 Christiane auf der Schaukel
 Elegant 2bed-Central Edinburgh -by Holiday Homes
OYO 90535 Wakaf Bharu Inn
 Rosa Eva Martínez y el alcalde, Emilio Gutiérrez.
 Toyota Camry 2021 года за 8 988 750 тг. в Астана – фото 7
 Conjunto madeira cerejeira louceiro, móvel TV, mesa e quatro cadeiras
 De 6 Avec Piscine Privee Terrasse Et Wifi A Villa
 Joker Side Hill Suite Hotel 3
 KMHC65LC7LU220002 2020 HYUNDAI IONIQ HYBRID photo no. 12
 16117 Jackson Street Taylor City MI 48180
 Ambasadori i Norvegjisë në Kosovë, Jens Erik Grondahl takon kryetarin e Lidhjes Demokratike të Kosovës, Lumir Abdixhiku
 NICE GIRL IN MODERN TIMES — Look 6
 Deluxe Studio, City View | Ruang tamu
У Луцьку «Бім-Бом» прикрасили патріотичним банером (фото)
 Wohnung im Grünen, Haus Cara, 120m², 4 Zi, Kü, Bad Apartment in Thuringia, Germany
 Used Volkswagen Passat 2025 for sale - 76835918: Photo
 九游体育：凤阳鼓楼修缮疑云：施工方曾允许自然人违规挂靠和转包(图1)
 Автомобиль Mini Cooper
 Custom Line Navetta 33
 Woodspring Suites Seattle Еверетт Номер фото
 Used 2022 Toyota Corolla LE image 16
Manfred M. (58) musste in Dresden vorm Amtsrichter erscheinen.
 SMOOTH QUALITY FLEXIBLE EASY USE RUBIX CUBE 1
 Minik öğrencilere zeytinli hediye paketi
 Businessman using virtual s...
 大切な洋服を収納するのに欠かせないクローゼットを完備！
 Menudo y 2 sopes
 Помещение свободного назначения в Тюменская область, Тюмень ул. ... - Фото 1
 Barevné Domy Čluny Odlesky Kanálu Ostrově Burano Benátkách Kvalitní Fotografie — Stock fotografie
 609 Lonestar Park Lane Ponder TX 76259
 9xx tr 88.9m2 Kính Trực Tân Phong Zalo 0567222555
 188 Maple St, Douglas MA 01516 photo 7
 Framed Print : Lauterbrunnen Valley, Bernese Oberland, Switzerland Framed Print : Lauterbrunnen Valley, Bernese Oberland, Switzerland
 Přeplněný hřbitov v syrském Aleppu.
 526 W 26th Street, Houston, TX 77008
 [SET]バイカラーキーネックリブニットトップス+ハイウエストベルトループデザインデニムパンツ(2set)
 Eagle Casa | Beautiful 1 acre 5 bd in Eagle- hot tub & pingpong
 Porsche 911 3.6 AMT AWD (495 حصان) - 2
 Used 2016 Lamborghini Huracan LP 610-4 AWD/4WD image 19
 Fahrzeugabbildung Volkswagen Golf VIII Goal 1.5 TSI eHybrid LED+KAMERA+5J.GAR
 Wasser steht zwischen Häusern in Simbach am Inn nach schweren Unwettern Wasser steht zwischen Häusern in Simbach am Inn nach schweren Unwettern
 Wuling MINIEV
= = = = = = =
- **The task**
Reproduce verbatim only the segment of the listing bounded by the line containing "Oberland, Switzerland Framed" and the line containing "[SET]バイカラーキーネッ", with both boundary lines included.

- **Written answer**
 Framed Print : Lauterbrunnen Valley, Bernese Oberland, Switzerland Framed Print : Lauterbrunnen Valley, Bernese Oberland, Switzerland
 Přeplněný hřbitov v syrském Aleppu.
 526 W 26th Street, Houston, TX 77008
 [SET]バイカラーキーネックリブニットトップス+ハイウエストベルトループデザインデニムパンツ(2set)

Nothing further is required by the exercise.